Rotation of senior Government ministries does not serve the Irish public

Recently a senior and experienced political activist in one of the major parties in government remarked to me that he feared that this could well turn out to be the worst partnership period for those two parties.

You might think that with ideological differences no wider than a cigarette paper dividing them and a clear run of up to five years in office virtually guaranteed, they have nothing holding them back from taking the radical political steps to address the issues facing Ireland. And yet I share his apprehensions.

For one thing, I think that it was a mistake to provide this time for a rotating Taoiseach. I do not believe that taking turns at senior government roles is helpful in any way. Micheál Martin is, I think, a perfectly competent and experienced Taoiseach. I don’t see that limiting his term to three years serves any useful purpose – apart, that is, from giving Simon Harris a go at the wheel in the run up to the next election.

Ministers hardly have their feet under the desk before they are preparing to depart from office. Having served a five-year term, I know just how transient that period can be. Civil servants have a certain relationship with ministers. When ministers hold office with an early sell-by date label on their foreheads, that relationship changes. Rotating senior government positions looks increasingly like a cynical political game rather than serving the national interest.

The Government faces many pressing issues – the three “known knowns” of home-building, the infrastructure deficit, and immigration policy. It also faces the “known unknowns” including the possibility of global trade war, European security issues, and international climate change goals in the era of Trump and possibly Vance.

Take the area of housing. A new minister, James Browne, a competent and intelligent politician, has been given ministerial responsibility for this national policy. Is he being given five years at the helm? The job needs that term at the very least.

There are really huge policy decisions to be made. Increasing supply of building land and associated infrastructure, pro-active planning laws, realistic building standards, faster decision making, use of compulsory purchase, creation of urban developments agencies with real power to tackle dereliction and under-development, and many others, all need a “rolled-up sleeves”, hands-on minister backed by the entirety of government.

I have to say that I found it grossly dispiriting to witness an emerging public party wrangle between Fianna Fáil and Fine Gael on whether tax policy should or should not be used to develop the available necessary capital for projects that will take at least two years after confirmation to commence building. The fact that the two parties are already in dispute on that matter bodes ill for their term in office. They should put their manifestos aside and cooperate on a pragmatic basis for the next five years on housing.

Of course, tax incentives should be deployable as one, but by no means the only, way of getting capital into home-building. But the other major issues mentioned above must be addressed urgently as well. Public capital simply will not, by itself, address the issue.

The latest children’s hospital news is as clear a sign of what problems are posed by reliance on public financing. And if you think that that project was a cause for worry, brace yourself for the ten to twenty billion Metrolink project planned instead of the alternative, a major surface Luas network using very light rail technology for the entire city in seven to ten years.

We hear ministerial speeches about how social housing provision is approaching its highest level for fifty years. Beware! The sad implication is that we were providing the same volume of social housing fifty years ago with a poorer economy and much smaller population. Also, we must remember that a considerable amount of Dublin City Council’s social housing output is being carried out by demolishing its own existing social housing estate across the city.

Storm Eowyn and Storm Darragh demonstrated how weak our power networks have become. Energy infrastructure needs investment to meet known risks and demand growth.  We have the financial resources to build out the national motorway and dual carriageway network in the south-west, the west, and the northwest (including Sligo and the Derry/ Letterkenny  cross-border road project.

Last, and not least, the Government has to confront our failed immigration and asylum system.

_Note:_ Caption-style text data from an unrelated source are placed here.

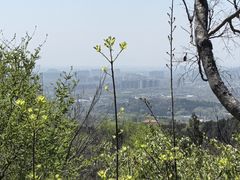 -北京十三陵国家森林公园蟒山景区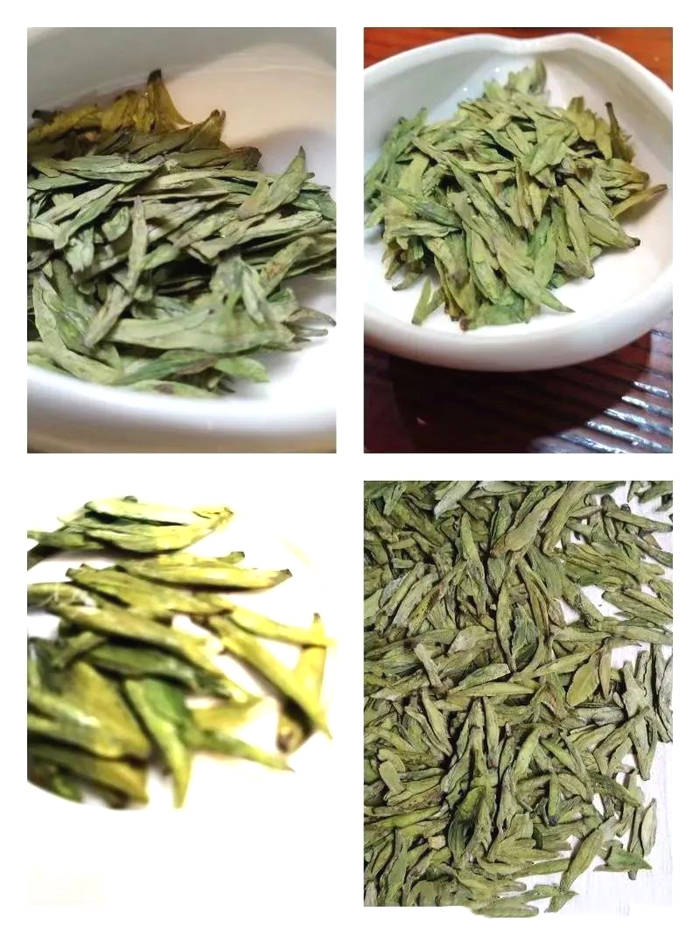 有关于贵州黎平：春茶黄金档，媒体喜帮忙（组图）的热门新闻(7)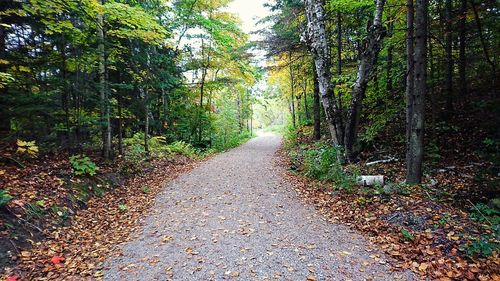 Road amidst trees in forest during autumn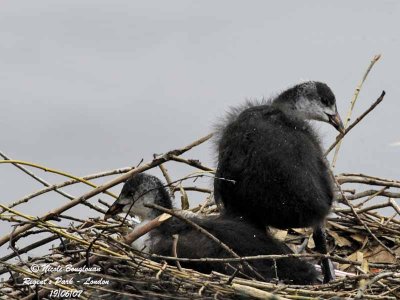 COMMON COOT  juv at nest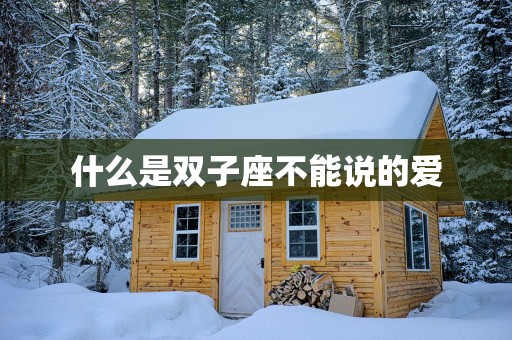 什么是双子座不能说的爱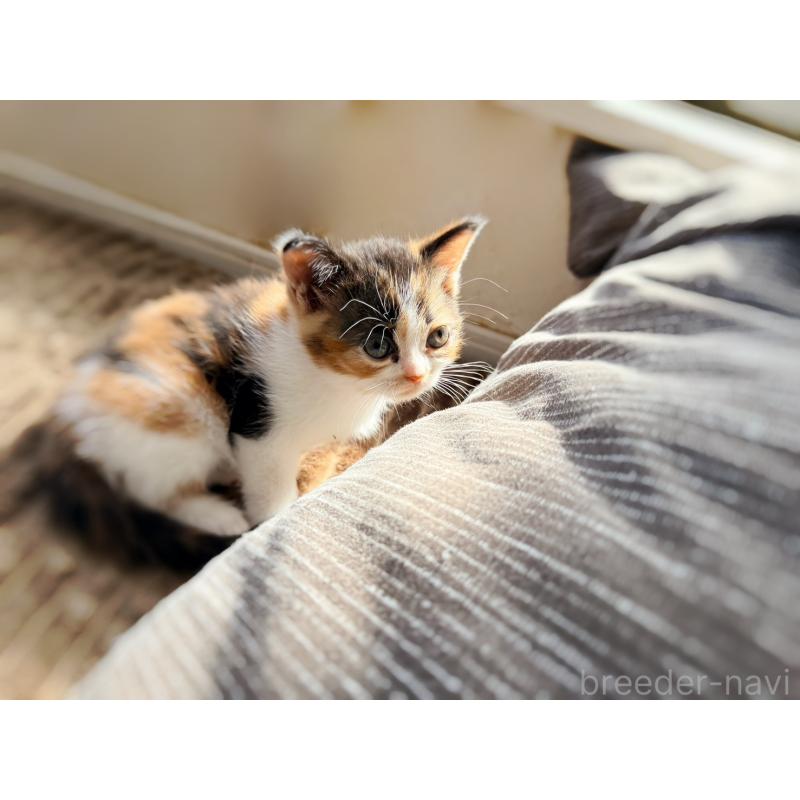 販売中の徳島県のスコティッシュフォールド-130431の8枚目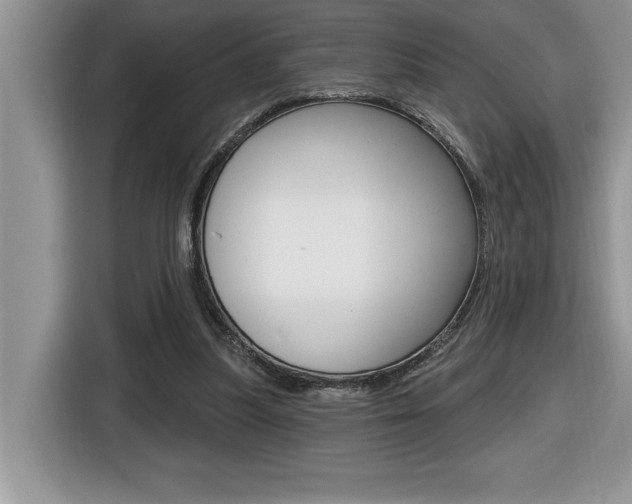 X0000116590251200912101338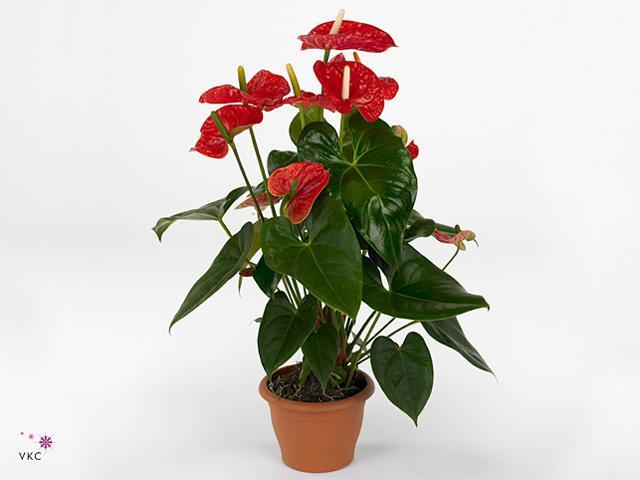 Anthurium Madural red 6+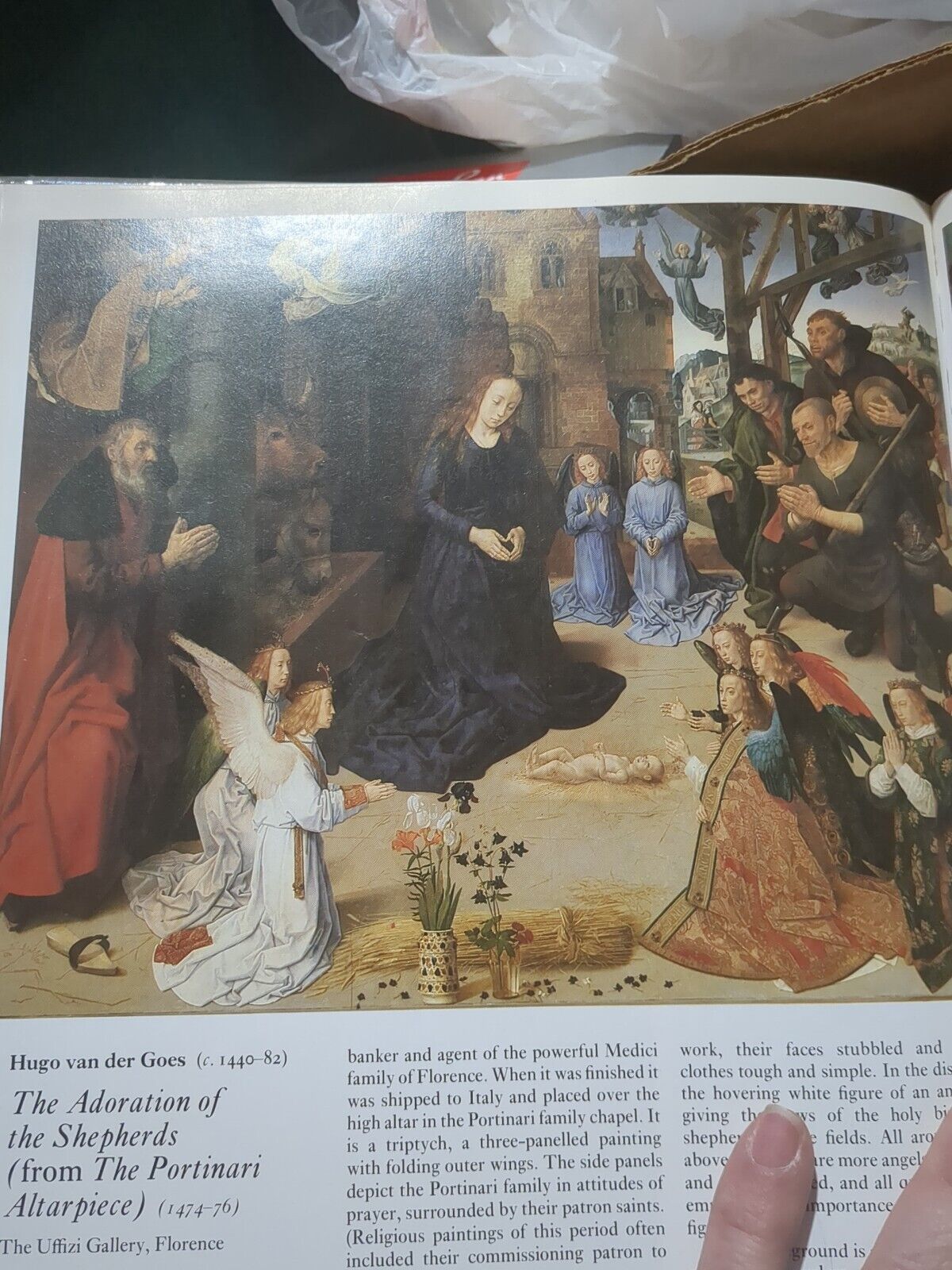 Image #8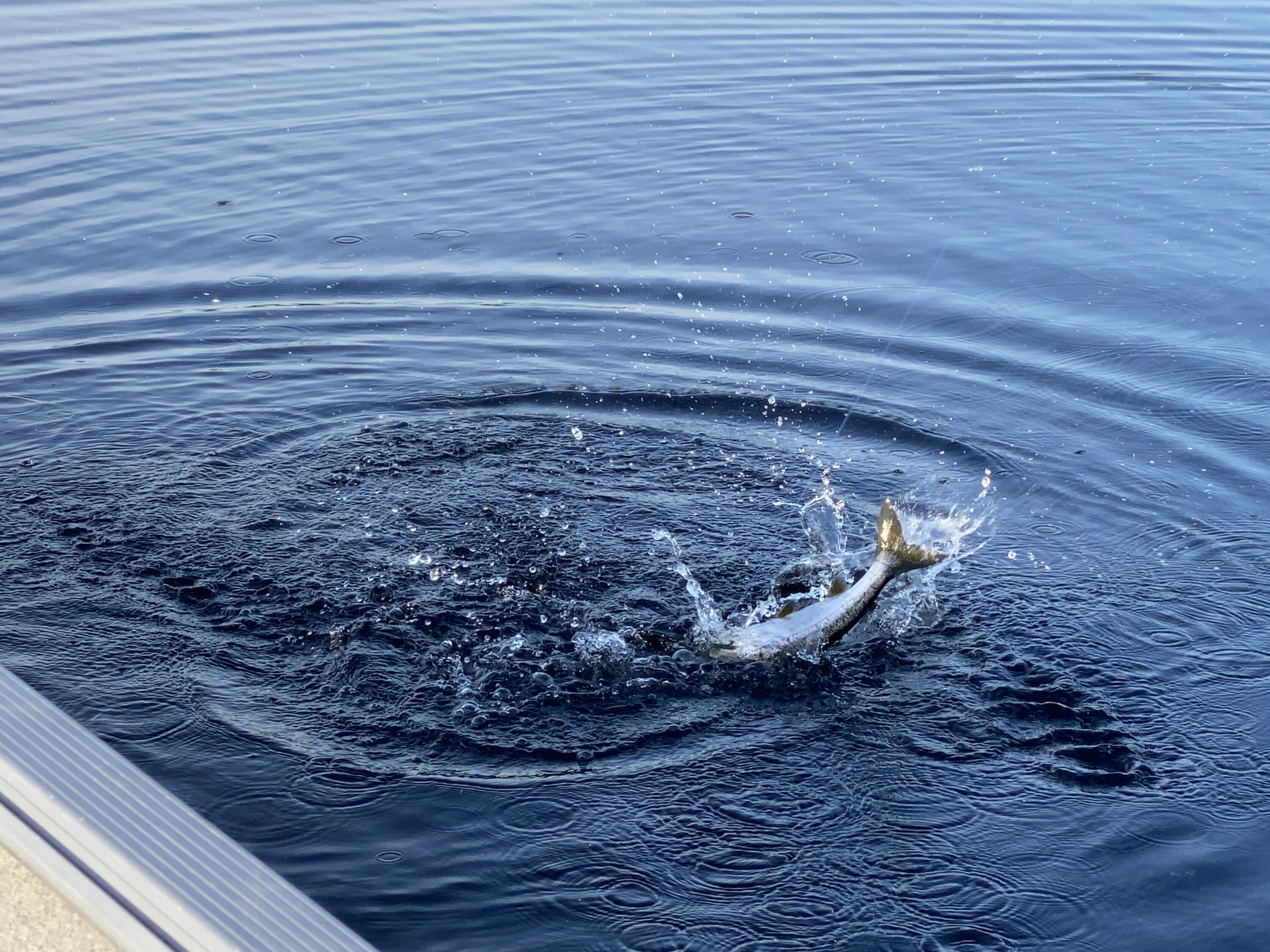 1 Square Lake Sinclair, ME 04779 - Photo 124 of 143 Fraser Camps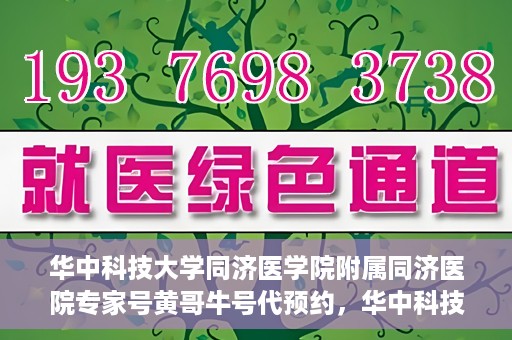 华中科技大学同济医学院附属同济医院专家号黄哥牛号代预约，华中科技大学同济医院专家号黄哥牛号预约服务启动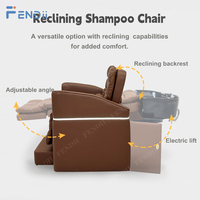 Chaise de lavage professionnelle Amodern Hair Head Spa Chaise de shampooing inclinable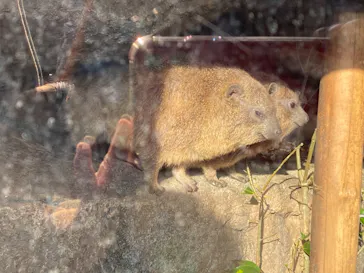 天王寺動物園に投稿された画像（2021/2/21）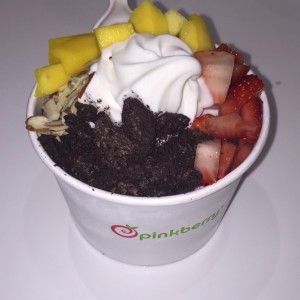 Helado de Yogurt con Fruta
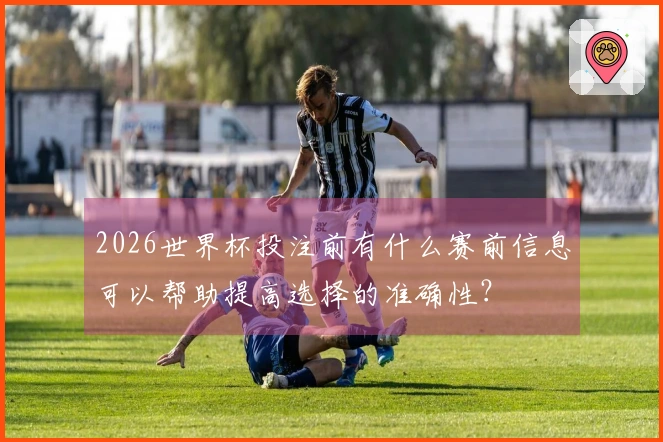2026世界杯投注前有什么赛前信息可以帮助提高选择的准确性？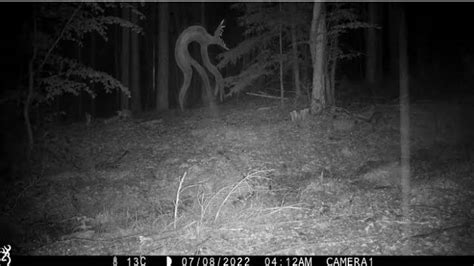 Image result for Tree Walker Monster
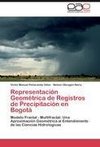 Representación Geométrica de Registros de Precipitación en Bogotá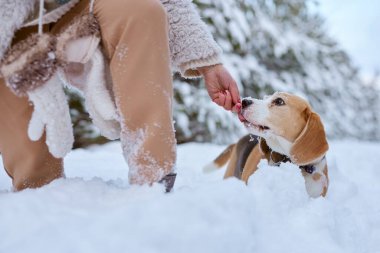 Kışın giysili kız kışın karda Beagle köpeğiyle oynar, kış tatili konsepti.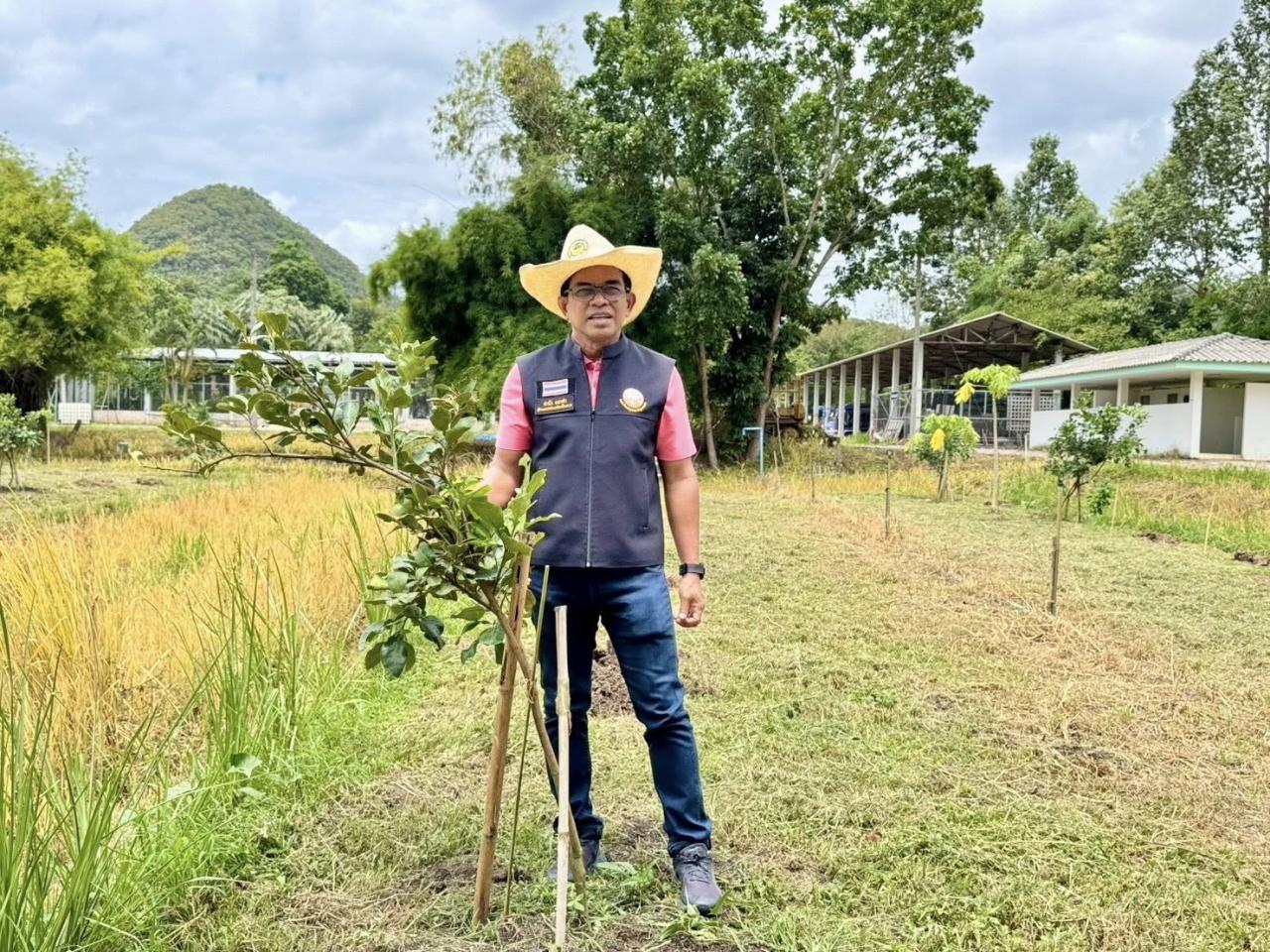 ภาพประกอบที่ 3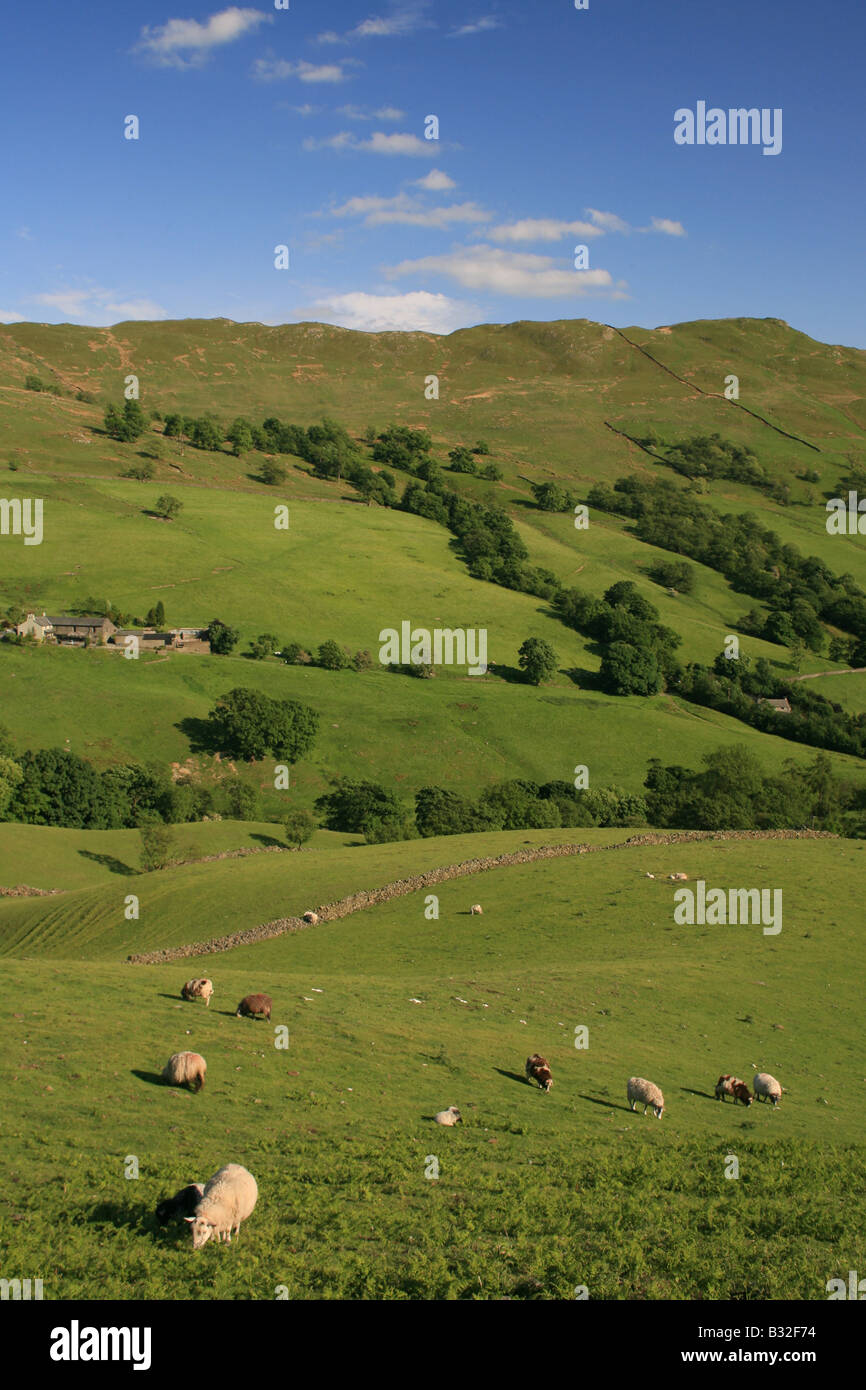 Sheep in a Lake district landscape Stock Photo - Alamy
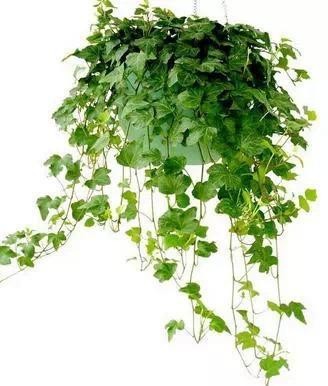 天热异味重！8种植物迅速清除卫生间异味！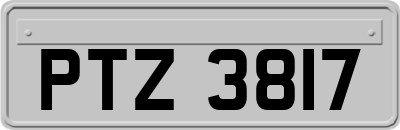 PTZ3817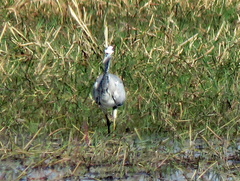 Ardea cinerea cinerea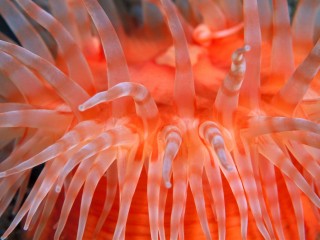 Anemone tentacles hd wide wallpaper for laptop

Things cannot go on as they are. Housing, health, education, childcare and welfare require effective controls on migration.  The EU migration pact is no solution to the problem.  As long as the Charter of Fundamental Rights enshrines as EU law the failed and unsustainable Geneva Convention on refugees, the crisis will continue. That must change. It’s not a matter for Jim O’Callaghan alone. It is the urgent business of Iveagh House, Minister Harris, and the whole of government.